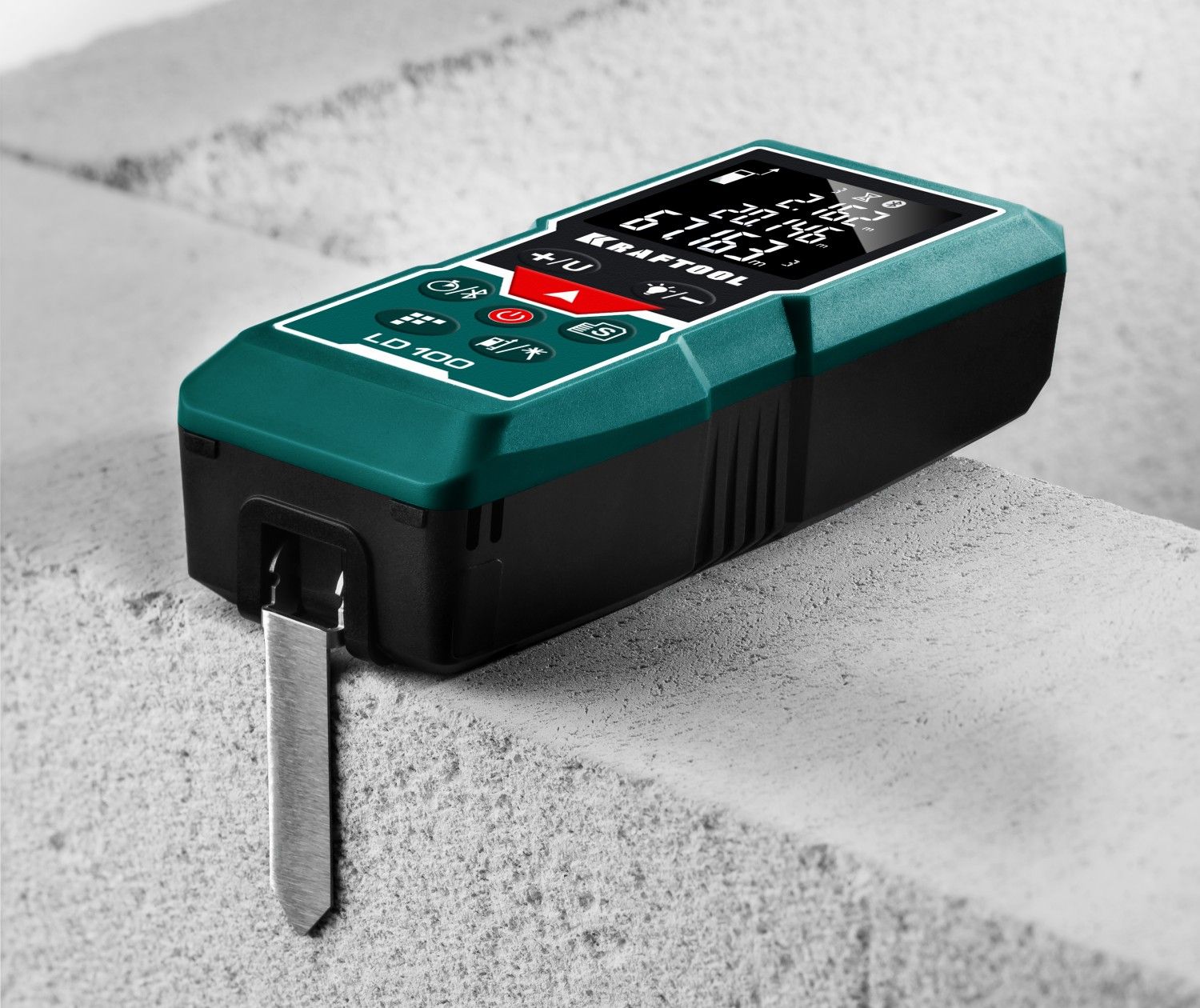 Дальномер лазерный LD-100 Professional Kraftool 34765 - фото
+---+
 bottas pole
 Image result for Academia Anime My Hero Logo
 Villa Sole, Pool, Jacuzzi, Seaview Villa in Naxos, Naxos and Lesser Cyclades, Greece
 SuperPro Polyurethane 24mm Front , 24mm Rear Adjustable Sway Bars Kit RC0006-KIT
+---+
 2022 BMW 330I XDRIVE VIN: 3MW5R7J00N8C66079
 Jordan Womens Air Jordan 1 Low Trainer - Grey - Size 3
+---+
AIM OF THE EXERCISE: Give back the records above exactly, limited to the lines between the one holding "Image result for Academia Anime My Hero Logo" and the one holding "SuperPro Polyurethane 24mm", inclusive.

OUTPUT BELOW:
 Image result for Academia Anime My Hero Logo
 Villa Sole, Pool, Jacuzzi, Seaview Villa in Naxos, Naxos and Lesser Cyclades, Greece
 SuperPro Polyurethane 24mm Front , 24mm Rear Adjustable Sway Bars Kit RC0006-KIT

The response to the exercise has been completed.